I LOVE a crisp drinkable "clean" Saison with some pepper and spicy/herbal hops. It does not have to be a Dupont clone, but that is my favorite type. I sometimes like a bit of Brett character. My girlfriend loves a Saison, but hates any signs of Brett. I feel like mixed cultured sours strip away all the Saison character and I am not a huge mixed culture sour fan. Then brewers seem to think they need to throw in stuff like Basil and Rosemary and barrel age them.
 
World - in UK all "low" is labelled as 0.5 - next lowest I have seen is 2.7

Similarly "gluten free" is not gluten free - Guinness only zero percent here at present......
 
In the UK low alcohol beer is very popular. In particular Guinness 0.0 in cans here but on draught in Ireland. This week a popular pub in London started selling it on draught. In a blind tasting two experts failed to detect 0.0
A new Brulosophy Show came out on YouTube today with tasters comparing Heineken, Stella and Guinness regular vs N/A. Spoiler: they were around 50/50 at picking out which was which, and often drinkers preferred the N/A version.
 
I feel like that is one of the things holding Saison back...you just never know what you will get. I generally try to get a taste of a Saison on tap before I order a full glass.
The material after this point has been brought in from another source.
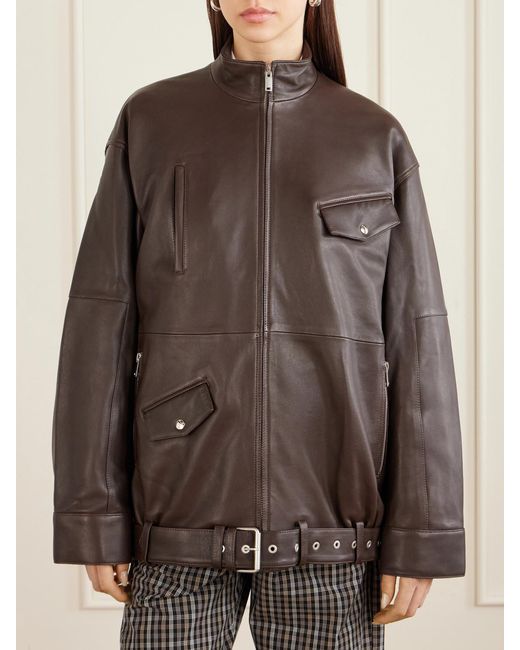 Tibi Brown Belted Leather Bomber Jacket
I LOVE a crisp drinkable "clean" Saison with some pepper and spicy/herbal hops. It does not have to be a Dupont clone, but that is my favorite type. I sometimes like a bit of Brett character. My girlfriend loves a Saison, but hates any signs of Brett. I feel like mixed cultured sours strip away all the Saison character and I am not a huge mixed culture sour fan. Then brewers seem to think they need to throw in stuff like Basil and Rosemary and barrel age them.
That just comes down to taste, though. If I had to pick a favorite over-arching style of beer, it'd probably be "sours" (lambics, gueuzes, Flemish red ales, oud bruin, Berliner Weisses, goses, modern experimental sours, sour stouts, sour IPAs, hopped sours, wild ales, and on and on), so it's not really surprising that my taste would prefer the funky or sour saisons to the more traditional clean styles (though I, again, love those as well). It's just that I always buy saisons whenever I see a new one, and they very very rarely ever have any funk or sourness in them, unfortunately. There is a go-to saison that's more in the line of Dupont that I regularly buy, but part of it is just that I don't see the sour saisons available that often. Sure, maybe I should just make them myself, but going down the sour route means I need to separate all my equipment between "regular fermentation" and "sour/wild fermentation." Kettle souring and Philly sour can get lactic acid, but it can't really get the funk of Brett or the acetic acid of pediococcus or the just overall interesting character those bacteria and wild yeasts produce.

Saison is one of my favorite styles, but I do tend to really prefer to have a bit of that wildness in there, so mixed cultures are where it's at for me. Arguably the best beer I ever made was a mixed culture, but it took over a year to get to that point, so that's another reason I'm not exactly keen to get back into sour fermentations. If I lived out in the countryside in a big house that I was sure I'd live in for decades, then yeah, I'd probably be doing it again, but I've come to just thinking I want to buy commercial sours (outside of the easier kettle sour/Philly sour stuff I can do pretty quickly on my own without any real risk of contamination).

That said, I do agree with you that I think "you never know what you will get" does kind of hold saison back. As much as I love them all, if I'm hoping for a funky saison and that's not what it is, I'm slightly disappointed. If I'm hoping for a traditional saison and I get a funky one, it's nice, but it's still different from what I was hoping for at that moment.